Mr Archer stood very still, his eyes wide with shock. Then he quickly scampered from the house and sat in his carriage his heart beating hard. Here was startling news!

Incest!

London would have heard nothing like it since the Byron scandal.

Mr Archer forced himself to relax. This piece of information could prove useful. He was anxious to wed Daphne Armitage because he sensed in her a sexual coldness and purity which appealed to him vastly. The Armitage family had become famous in society by virtue of Daphne’s elder three sisters’ dazzling marriages. Daphne’s brothers-in-law were all very rich men. Although Daphne could not be expected to bring any very great dowry to the marriage, she was well enough connected to ensure that Mr Archer could spend a long life of ease staying with his various in-laws. Mr Archer did not want children. He certainly did not want to go about begetting them. But there were still some rumours circulating about London which he wished to quash and this he could do by marrying Daphne Armitage.
It was important to secure Daphne before she made her come-out when the competition would be fierce.

In Daphne, he would have a beautiful piece of porcelain for a wife. Recently, when Simon Garfield had appeared on the scene, he had been afraid that Daphne might turn out as other women, but then Mr Garfield had disappeared and Daphne was once more her usual, beautiful, calm, aloof self.

No other woman would do. No other woman would fit the bill so exactly. But Mr Archer saw a few rocks and shoals ahead. Now he had this fascinating bit of gossip which would ruin the Armitages for life.

He would hug it close and use it carefully if the necessity arose.

The door opened and Annabelle came out. She was much flushed. Her squat and burly father stood glowering on the doorstep. Mr Archer allowed himself a delicate shudder. How could Lady
Brabington
possibly …?

And
he
had once been called decadent!

His beautiful mouth curved in its classical smile and he set himself out to be as charming as possible to Annabelle.

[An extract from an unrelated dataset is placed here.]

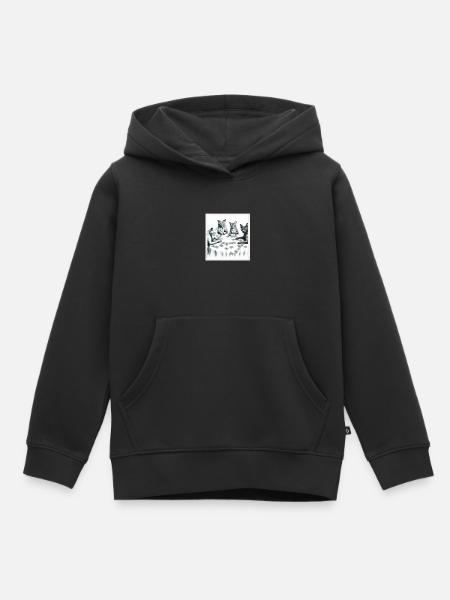Cats Playing Cards - Kinder Premium Organic Hoodie - Schwarz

He had always been somewhat afraid of the vicar but now he felt a glorious sensation of power. He waved cheerfully to Mr Armitage and set his team in motion.

Annabelle’s better self had taken over. She was feeling guilty, she was missing her husband badly, and the only thing she found to comfort her was Mr Archer’s infectious high spirits.

He must be in love, thought Annabelle. Perhaps Daphne has made a wise choice.

 

Mrs Armitage appeared to have lost all her interest in Daphne’s affairs. After seeming very cast down at the news that Daphne was to marry Mr Archer, Mrs Armitage had once more resorted to her patent medicines and her bed.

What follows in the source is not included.